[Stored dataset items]
- Opening Delimiter -

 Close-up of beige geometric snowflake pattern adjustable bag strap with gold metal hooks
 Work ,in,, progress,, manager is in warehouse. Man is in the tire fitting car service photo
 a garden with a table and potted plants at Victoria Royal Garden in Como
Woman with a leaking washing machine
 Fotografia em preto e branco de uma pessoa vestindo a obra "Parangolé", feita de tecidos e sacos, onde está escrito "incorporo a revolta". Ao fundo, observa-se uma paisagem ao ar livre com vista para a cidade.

- Closing Delimiter -
- Opening Delimiter -

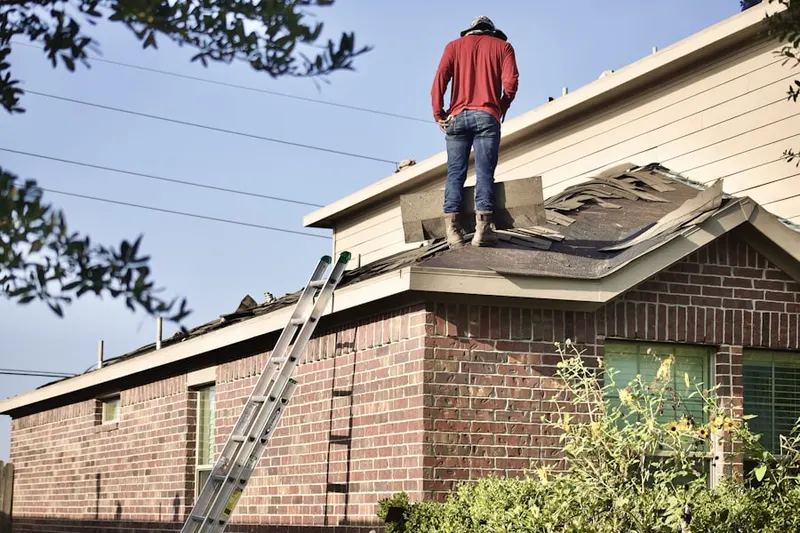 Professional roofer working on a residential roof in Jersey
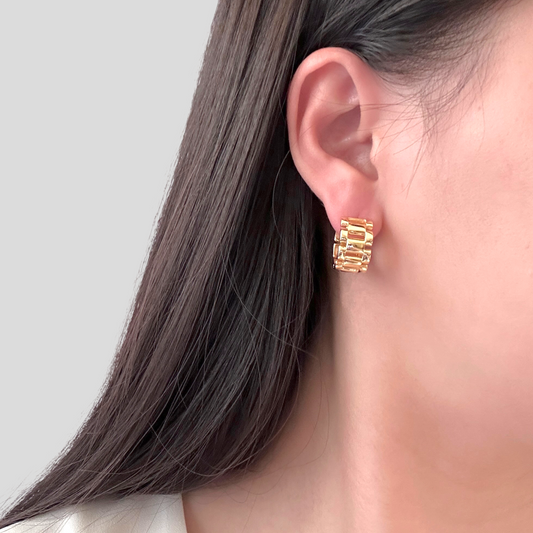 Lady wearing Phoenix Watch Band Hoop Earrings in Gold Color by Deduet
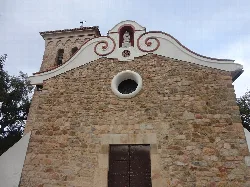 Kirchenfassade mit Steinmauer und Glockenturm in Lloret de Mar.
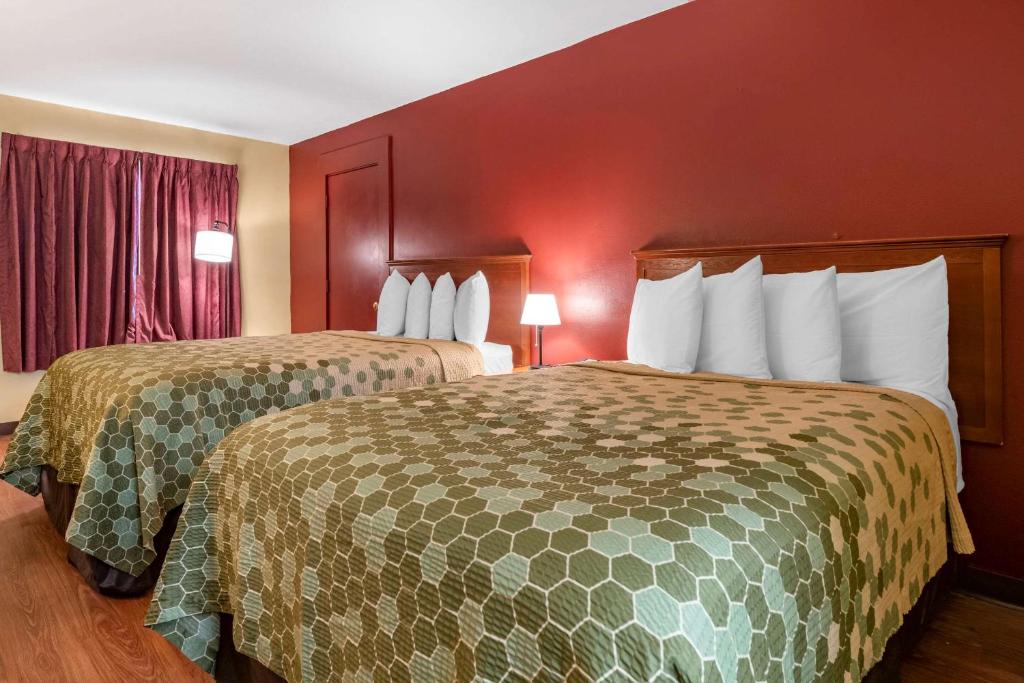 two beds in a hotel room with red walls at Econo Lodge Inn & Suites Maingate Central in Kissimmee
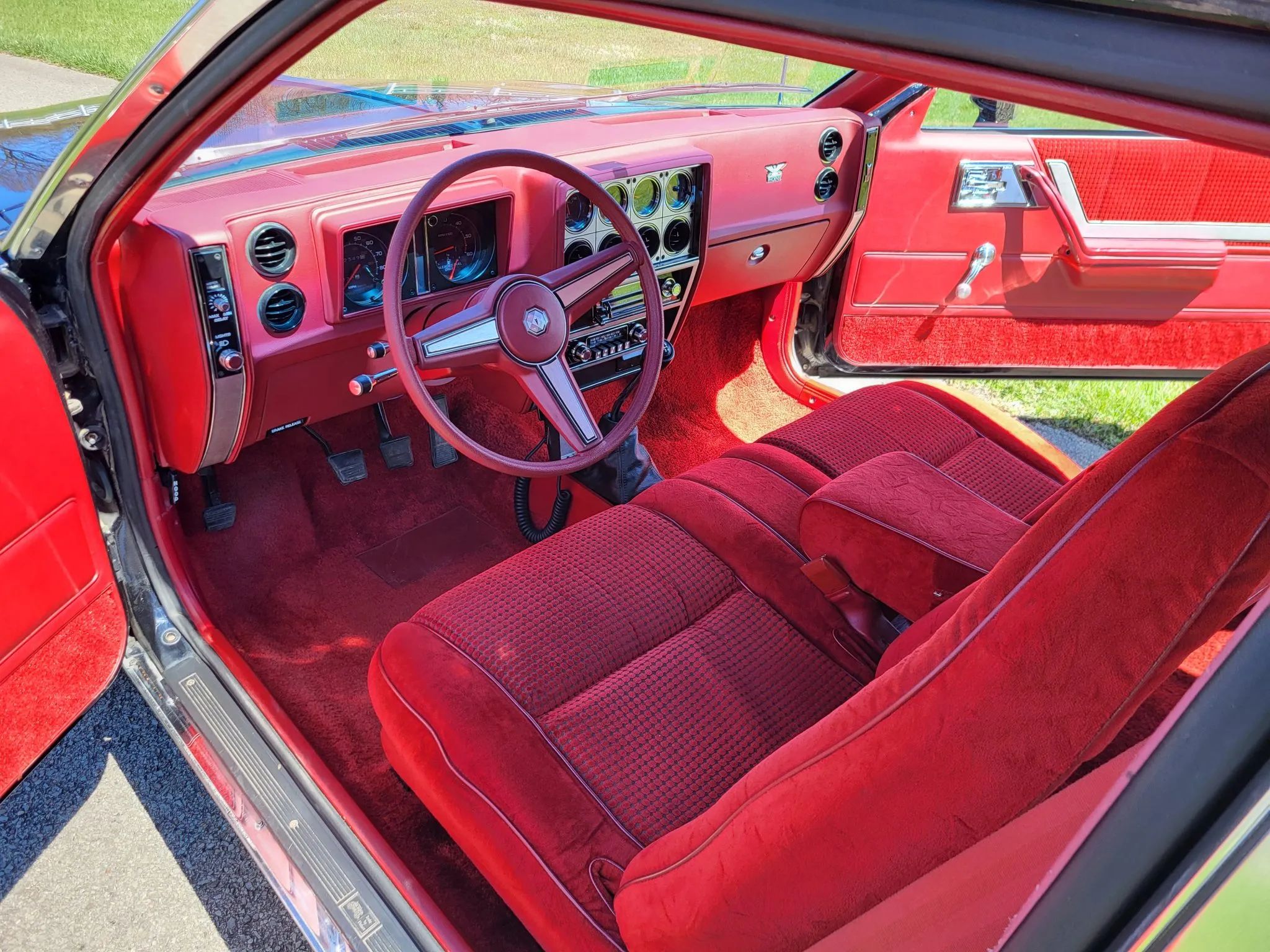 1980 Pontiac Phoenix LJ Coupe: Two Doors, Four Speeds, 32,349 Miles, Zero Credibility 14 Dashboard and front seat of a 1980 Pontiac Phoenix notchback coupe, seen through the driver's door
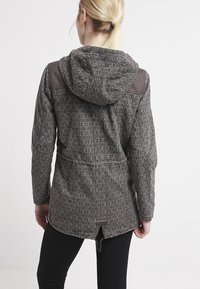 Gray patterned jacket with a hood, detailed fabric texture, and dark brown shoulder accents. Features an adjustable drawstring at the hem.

- Closing Delimiter -

Exercise directions: Both the line above containing "1980 Pontiac Phoenix LJ" and the line containing "Gray patterned jacket" belong in the copy, along with every line between them; print these exactly and omit the pictures.

Answer to the exercise:
 1980 Pontiac Phoenix LJ Coupe: Two Doors, Four Speeds, 32,349 Miles, Zero Credibility 14 Dashboard and front seat of a 1980 Pontiac Phoenix notchback coupe, seen through the driver's door
 Gray patterned jacket with a hood, detailed fabric texture, and dark brown shoulder accents. Features an adjustable drawstring at the hem.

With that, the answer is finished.